* **PROBLEM**
In the data below, the answer is the run of lines from the line containing "Tiziano Vecellio, Autoritratto, 1565-66" through the line containing "12 PC. Quarter", both included; print it exactly and nothing else.

* **EXTRACTED RECORDS**
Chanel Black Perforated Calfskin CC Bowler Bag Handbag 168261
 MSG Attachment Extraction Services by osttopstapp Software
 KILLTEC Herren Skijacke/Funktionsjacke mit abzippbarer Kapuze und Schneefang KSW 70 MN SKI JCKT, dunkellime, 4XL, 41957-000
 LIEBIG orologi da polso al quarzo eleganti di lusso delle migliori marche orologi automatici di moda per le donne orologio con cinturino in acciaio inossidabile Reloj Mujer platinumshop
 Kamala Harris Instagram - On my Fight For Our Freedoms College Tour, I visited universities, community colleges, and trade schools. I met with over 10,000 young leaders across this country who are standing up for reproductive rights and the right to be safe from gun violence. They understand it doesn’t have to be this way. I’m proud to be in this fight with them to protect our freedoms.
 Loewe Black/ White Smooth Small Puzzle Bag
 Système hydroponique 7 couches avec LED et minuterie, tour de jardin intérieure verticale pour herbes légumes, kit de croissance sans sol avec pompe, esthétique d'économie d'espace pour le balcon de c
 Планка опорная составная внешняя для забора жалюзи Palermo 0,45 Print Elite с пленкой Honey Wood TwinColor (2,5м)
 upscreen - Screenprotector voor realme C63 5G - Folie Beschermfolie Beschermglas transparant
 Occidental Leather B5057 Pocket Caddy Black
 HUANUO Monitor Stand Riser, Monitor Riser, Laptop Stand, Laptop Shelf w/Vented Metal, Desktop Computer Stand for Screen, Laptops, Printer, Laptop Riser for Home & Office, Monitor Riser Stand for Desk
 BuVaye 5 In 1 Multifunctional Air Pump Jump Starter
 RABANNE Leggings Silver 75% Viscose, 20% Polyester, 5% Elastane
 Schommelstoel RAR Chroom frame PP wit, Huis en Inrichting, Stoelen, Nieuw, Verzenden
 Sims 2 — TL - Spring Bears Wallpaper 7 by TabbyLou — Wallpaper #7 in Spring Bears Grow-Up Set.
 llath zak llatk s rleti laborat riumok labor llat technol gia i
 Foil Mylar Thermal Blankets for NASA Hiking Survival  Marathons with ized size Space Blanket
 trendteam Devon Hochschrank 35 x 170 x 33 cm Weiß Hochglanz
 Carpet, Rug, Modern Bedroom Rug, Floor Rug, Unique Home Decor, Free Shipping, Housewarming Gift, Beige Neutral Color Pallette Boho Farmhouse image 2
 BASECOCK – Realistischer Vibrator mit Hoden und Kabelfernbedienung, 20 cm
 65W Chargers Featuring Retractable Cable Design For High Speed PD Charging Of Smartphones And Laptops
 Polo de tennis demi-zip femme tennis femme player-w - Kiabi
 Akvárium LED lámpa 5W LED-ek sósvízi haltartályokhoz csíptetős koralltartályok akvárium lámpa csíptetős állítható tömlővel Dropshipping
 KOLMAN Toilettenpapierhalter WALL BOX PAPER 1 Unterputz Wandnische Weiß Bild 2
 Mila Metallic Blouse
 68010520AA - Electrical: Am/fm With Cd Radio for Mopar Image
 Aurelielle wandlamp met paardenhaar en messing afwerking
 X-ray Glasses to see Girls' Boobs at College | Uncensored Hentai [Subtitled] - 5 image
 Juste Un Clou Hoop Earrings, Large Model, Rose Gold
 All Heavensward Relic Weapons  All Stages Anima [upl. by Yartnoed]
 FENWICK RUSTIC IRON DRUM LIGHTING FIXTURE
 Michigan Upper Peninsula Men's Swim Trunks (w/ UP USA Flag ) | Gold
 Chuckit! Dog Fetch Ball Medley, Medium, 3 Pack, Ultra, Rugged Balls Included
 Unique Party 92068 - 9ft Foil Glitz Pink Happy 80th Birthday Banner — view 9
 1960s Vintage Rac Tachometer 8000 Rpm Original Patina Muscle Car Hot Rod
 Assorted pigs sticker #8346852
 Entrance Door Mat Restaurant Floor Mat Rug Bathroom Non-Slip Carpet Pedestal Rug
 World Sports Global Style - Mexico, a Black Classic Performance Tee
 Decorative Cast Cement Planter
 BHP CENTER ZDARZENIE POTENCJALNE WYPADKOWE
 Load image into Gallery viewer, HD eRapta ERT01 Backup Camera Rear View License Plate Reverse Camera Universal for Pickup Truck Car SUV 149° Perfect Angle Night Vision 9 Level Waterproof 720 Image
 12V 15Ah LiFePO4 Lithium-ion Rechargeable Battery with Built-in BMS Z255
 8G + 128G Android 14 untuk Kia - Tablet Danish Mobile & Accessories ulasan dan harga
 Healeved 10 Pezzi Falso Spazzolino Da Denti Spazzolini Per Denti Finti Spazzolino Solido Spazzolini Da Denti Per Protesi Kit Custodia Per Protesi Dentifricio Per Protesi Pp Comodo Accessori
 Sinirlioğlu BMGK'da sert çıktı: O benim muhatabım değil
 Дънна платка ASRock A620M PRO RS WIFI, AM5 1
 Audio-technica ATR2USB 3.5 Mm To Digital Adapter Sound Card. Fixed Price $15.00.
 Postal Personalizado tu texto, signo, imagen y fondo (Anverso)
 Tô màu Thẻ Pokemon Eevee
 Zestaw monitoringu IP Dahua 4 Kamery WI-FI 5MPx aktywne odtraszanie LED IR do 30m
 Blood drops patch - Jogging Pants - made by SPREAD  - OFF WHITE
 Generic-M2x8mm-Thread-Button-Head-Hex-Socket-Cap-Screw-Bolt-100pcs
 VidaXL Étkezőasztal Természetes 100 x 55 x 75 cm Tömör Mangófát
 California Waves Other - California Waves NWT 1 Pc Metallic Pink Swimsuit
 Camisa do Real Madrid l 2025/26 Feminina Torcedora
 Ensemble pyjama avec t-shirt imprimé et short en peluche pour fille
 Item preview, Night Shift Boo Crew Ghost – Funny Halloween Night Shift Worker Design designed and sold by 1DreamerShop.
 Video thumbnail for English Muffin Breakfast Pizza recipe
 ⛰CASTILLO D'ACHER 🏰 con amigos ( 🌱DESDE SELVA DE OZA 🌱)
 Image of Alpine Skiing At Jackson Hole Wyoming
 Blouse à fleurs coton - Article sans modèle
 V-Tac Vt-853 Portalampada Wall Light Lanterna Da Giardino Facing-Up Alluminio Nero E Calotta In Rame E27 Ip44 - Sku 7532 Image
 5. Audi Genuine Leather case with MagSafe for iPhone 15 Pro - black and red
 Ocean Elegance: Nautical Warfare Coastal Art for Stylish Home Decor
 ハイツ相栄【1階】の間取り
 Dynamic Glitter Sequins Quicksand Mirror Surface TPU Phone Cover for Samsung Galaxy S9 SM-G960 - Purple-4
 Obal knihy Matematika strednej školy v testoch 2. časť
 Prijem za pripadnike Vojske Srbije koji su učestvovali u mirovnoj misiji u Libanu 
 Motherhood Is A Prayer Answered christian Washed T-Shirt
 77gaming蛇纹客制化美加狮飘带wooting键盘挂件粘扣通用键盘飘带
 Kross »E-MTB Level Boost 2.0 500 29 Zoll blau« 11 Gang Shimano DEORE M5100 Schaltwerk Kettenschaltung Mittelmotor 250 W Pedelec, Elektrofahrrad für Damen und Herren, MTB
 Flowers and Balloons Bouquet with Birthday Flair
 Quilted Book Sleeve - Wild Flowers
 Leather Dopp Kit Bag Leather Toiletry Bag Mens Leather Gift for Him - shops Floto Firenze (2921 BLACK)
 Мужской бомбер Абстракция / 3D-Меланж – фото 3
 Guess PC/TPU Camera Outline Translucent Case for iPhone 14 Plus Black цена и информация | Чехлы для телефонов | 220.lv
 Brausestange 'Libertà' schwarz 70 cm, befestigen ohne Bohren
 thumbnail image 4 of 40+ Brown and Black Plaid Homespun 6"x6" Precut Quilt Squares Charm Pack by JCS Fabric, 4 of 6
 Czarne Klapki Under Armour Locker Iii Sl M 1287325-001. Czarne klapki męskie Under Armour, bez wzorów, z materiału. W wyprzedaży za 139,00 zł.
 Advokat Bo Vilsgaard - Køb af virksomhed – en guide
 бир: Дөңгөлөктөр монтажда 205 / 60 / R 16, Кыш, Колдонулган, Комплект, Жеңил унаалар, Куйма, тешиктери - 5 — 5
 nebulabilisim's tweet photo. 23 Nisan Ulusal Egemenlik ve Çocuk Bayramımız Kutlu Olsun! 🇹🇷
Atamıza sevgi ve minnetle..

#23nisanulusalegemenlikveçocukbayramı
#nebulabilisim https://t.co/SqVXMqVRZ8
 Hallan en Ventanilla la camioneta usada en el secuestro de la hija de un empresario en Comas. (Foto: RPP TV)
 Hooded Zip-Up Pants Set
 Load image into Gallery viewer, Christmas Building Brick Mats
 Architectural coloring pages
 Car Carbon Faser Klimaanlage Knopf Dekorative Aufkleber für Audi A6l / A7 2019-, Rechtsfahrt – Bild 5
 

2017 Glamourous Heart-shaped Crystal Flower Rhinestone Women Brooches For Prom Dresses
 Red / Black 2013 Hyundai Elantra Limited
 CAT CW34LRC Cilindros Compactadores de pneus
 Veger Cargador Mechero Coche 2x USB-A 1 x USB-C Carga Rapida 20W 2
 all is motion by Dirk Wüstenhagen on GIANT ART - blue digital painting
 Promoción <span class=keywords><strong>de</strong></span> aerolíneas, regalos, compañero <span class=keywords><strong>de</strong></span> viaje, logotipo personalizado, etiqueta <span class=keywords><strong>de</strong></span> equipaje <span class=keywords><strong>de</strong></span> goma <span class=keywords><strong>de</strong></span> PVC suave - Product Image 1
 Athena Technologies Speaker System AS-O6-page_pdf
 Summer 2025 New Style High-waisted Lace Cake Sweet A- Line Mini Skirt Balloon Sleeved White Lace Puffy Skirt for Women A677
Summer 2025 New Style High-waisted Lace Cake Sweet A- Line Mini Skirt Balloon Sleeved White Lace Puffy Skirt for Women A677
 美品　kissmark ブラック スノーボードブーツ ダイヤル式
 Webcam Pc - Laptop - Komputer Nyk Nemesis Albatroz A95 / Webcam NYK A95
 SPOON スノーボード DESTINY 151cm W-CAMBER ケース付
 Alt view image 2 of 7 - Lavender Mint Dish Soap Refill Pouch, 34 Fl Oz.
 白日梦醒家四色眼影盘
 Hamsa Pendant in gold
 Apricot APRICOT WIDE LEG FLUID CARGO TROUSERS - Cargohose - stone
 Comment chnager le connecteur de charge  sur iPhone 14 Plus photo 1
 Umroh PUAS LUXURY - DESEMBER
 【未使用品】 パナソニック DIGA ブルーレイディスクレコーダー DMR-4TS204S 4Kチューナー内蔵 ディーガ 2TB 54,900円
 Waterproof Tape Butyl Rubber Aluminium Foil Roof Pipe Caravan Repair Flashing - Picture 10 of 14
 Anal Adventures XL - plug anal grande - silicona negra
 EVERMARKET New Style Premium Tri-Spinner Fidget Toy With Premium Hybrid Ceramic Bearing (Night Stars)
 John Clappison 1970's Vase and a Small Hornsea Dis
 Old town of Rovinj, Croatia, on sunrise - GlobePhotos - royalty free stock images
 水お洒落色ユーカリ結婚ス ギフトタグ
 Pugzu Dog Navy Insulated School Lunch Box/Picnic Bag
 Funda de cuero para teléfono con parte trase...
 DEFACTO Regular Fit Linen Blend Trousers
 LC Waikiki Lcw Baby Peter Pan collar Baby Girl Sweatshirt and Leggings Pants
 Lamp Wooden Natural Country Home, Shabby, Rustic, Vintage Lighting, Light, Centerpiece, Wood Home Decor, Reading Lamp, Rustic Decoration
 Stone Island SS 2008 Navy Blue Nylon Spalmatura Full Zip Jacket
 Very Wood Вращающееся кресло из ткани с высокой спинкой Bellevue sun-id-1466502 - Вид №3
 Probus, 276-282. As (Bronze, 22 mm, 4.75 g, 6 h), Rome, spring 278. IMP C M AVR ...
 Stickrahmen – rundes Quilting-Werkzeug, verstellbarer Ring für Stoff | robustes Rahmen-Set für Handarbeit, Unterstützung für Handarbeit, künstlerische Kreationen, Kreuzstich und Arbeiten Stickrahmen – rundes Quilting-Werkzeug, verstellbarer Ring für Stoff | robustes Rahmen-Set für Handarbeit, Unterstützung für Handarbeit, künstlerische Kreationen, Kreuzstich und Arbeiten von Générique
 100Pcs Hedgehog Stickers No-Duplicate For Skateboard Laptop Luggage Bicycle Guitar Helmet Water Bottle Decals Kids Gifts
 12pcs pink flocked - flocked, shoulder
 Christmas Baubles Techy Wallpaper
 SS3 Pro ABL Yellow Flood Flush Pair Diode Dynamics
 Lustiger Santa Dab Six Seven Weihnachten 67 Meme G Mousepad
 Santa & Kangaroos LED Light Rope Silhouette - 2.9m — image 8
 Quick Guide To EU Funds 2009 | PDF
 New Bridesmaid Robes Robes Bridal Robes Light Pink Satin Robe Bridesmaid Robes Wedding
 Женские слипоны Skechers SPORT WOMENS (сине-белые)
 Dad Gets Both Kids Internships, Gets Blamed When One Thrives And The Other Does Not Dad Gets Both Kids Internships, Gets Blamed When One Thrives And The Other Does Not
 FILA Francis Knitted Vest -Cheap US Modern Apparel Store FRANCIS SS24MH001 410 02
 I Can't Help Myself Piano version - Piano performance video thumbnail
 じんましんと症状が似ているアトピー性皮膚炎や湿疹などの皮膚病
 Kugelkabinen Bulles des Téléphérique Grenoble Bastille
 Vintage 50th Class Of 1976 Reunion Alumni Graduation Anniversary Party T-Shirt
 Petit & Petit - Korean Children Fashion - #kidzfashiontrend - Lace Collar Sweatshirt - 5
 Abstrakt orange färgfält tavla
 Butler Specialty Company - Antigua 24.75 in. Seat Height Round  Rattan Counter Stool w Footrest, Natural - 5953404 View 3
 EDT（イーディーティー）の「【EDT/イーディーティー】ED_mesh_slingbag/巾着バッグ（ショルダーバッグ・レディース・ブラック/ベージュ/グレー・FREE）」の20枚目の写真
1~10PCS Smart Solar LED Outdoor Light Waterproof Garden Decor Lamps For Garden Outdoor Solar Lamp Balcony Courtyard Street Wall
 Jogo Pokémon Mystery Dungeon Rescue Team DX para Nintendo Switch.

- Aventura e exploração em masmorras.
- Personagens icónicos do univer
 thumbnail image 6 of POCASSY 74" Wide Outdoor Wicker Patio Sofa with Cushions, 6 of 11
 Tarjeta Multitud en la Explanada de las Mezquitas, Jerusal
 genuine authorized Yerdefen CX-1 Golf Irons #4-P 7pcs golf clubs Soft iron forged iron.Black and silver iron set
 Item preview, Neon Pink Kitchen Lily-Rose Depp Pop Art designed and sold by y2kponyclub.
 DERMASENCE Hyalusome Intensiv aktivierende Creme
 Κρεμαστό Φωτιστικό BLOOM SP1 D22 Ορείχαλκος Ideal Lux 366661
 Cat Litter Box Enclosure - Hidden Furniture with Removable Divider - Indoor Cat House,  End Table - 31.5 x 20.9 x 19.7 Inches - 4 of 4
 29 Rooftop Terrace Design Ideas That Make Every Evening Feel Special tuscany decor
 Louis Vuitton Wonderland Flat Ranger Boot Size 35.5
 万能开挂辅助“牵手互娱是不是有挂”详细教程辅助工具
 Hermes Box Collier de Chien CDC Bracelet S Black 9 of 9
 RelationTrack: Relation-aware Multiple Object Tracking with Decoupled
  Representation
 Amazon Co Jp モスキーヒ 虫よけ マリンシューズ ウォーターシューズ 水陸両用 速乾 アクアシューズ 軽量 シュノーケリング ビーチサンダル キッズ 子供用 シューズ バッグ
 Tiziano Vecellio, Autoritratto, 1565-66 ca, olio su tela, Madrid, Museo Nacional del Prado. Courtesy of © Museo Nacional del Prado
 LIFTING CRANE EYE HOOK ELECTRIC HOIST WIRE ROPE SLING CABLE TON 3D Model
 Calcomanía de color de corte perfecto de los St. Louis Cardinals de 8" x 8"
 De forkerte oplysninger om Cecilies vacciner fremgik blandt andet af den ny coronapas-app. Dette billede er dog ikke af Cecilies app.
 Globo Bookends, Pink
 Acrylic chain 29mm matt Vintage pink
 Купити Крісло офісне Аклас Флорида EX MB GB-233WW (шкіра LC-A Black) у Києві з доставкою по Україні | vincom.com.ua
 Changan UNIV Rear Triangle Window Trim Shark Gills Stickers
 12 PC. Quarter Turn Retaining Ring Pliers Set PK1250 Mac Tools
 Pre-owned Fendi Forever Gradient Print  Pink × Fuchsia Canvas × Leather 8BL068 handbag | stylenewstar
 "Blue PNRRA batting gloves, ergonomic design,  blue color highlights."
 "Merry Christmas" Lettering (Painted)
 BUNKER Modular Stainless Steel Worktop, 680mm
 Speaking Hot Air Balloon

* **TASK SOLUTION**
 Tiziano Vecellio, Autoritratto, 1565-66 ca, olio su tela, Madrid, Museo Nacional del Prado. Courtesy of © Museo Nacional del Prado
 LIFTING CRANE EYE HOOK ELECTRIC HOIST WIRE ROPE SLING CABLE TON 3D Model
 Calcomanía de color de corte perfecto de los St. Louis Cardinals de 8" x 8"
 De forkerte oplysninger om Cecilies vacciner fremgik blandt andet af den ny coronapas-app. Dette billede er dog ikke af Cecilies app.
 Globo Bookends, Pink
 Acrylic chain 29mm matt Vintage pink
 Купити Крісло офісне Аклас Флорида EX MB GB-233WW (шкіра LC-A Black) у Києві з доставкою по Україні | vincom.com.ua
 Changan UNIV Rear Triangle Window Trim Shark Gills Stickers
 12 PC. Quarter Turn Retaining Ring Pliers Set PK1250 Mac Tools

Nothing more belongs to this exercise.